With the pictures left out, print exactly the lines below that run from the one containing "Incendio consume camioneta" through the one containing "Used 2025 Toyota RAV4 LE AWD/4WD image 54".

DATA PROVIDED:
****************************************

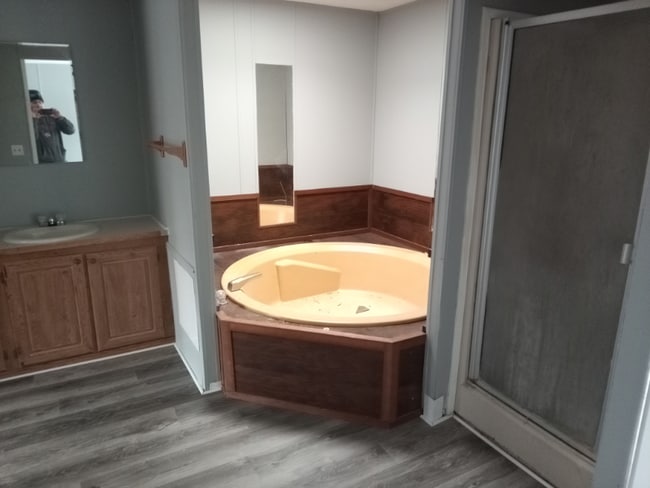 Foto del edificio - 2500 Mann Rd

****************************************

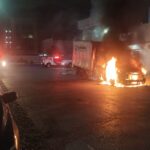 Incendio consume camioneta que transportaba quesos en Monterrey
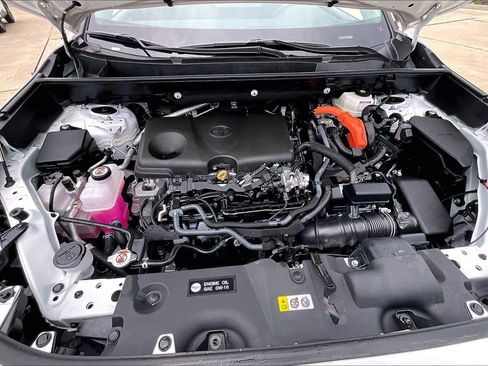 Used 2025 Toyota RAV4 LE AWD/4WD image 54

****************************************

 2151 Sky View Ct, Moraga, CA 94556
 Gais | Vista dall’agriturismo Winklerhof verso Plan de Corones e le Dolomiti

****************************************

ANSWER TO THIS TASK:
 Incendio consume camioneta que transportaba quesos en Monterrey
 Used 2025 Toyota RAV4 LE AWD/4WD image 54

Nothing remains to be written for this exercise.